Pritzker-Prize laureate and Yale School of Architecture alumnus Norman Foster and his family have donated $3 million to Yale School of Architecture to fund a visiting professorship in his name, Yale University President Richard C. Levin has announced.
This permanent endowment will support a visiting professorship program each year, allowing students at Yale to be taught by some of the leading international practitioners in the field of architecture from all over the world.
"With this generous gift one of the School's most distinguished graduates, Norman Foster, is allowing us to use his name to attract to the Yale faculty the most prominent architects of their times for generations to come," said Levin.

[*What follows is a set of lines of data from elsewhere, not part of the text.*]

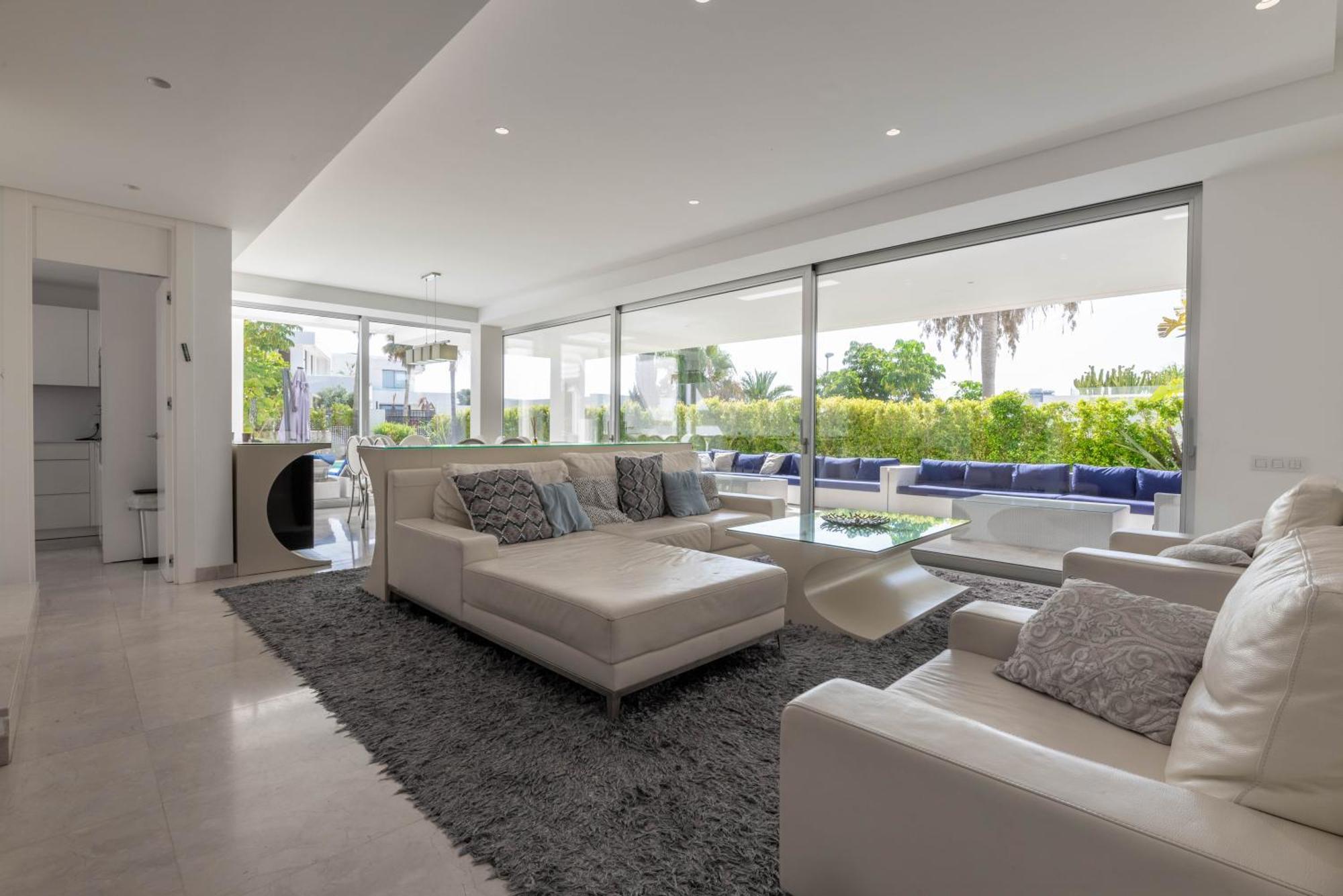 Moderna De Lujo En Alquiler Vacacional En Villa Marbella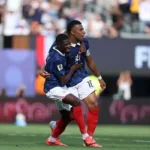 Mbappé comemora vitória da França contra Suécia
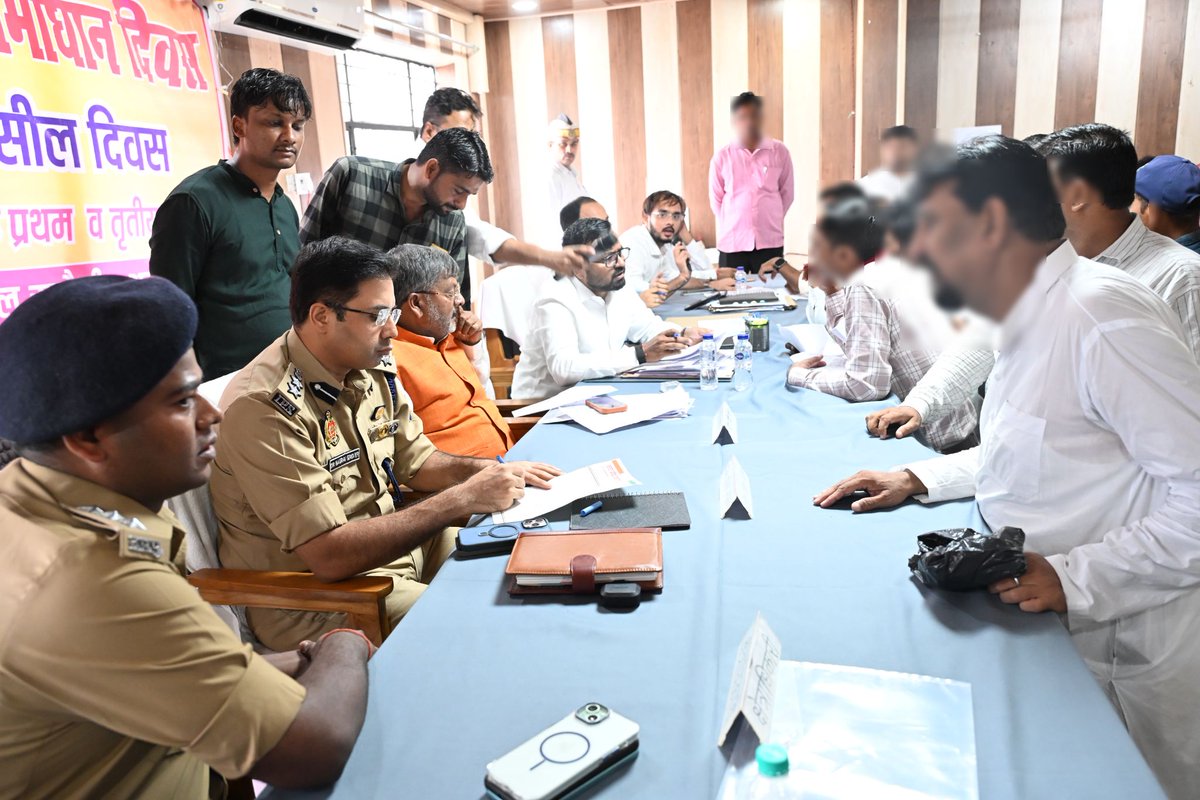 ayodhya_police's tweet photo. आज सम्पूर्ण समाधान दिवस के अवसर पर मा0 जनप्रतिनिधि रूदौली व #SSP_अयोध्या द्वारा तहसील रूदौली में उपस्थित रहकर आमजन की समस्याओं को सुन कर तथा प्राप्त जनशिकायत की निष्पक्ष जांच कराकर समयबद्ध विधिक निस्तारण हेतु सम्बन्धित को निर्देशित किया गया। https://t.co/FCuDZ5Hxsc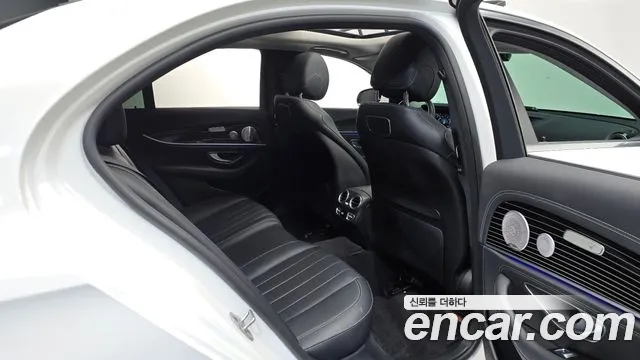 Mercedes-Benz E-Класс 2020 thumb 11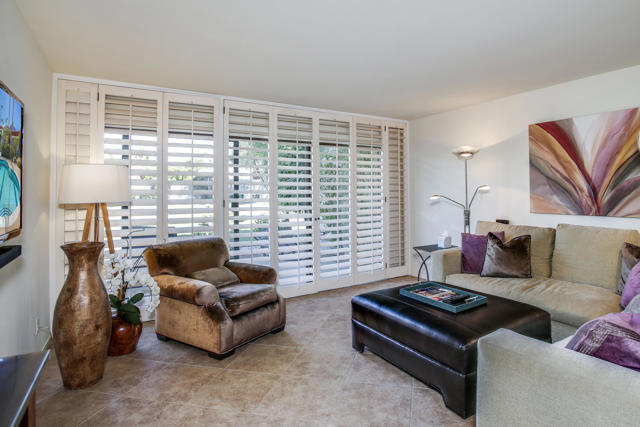 45780 Ocotillo Drive, Palm Desert CA: https://media.crmls.org/mediaz/a0e78f80-043f-49d2-8dea-455307564167.jpg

Robert A.M. Stern, dean of the Yale School of Architecture, reiterated the importance of the gift to the School, "It is a tremendous honor for our School to have the Lord Norman R. Foster Visiting Professorship in Architecture, and it will be an equally significant honor for the individuals selected to fill the chair.
Lord Foster is, and has always been, an outstanding role model for excellence in our profession."
"My time at Yale and the people I was exposed to there, in particular Paul Rudolph, Serge Chermayeff and Vincent Scully, had an incredible impact on me.
Rudolph created a studio atmosphere which was highly creative, competitive and fueled by a succession of visiting luminaries," said Lord Foster.
"That same 'can-do' approach has influenced and inspired my practice for more than 40 years - and continues to do so. I hope this gift will similarly inspire future generations of students.
It is also a recognition of my personal gratitude to the United States and my commitment to Yale and education."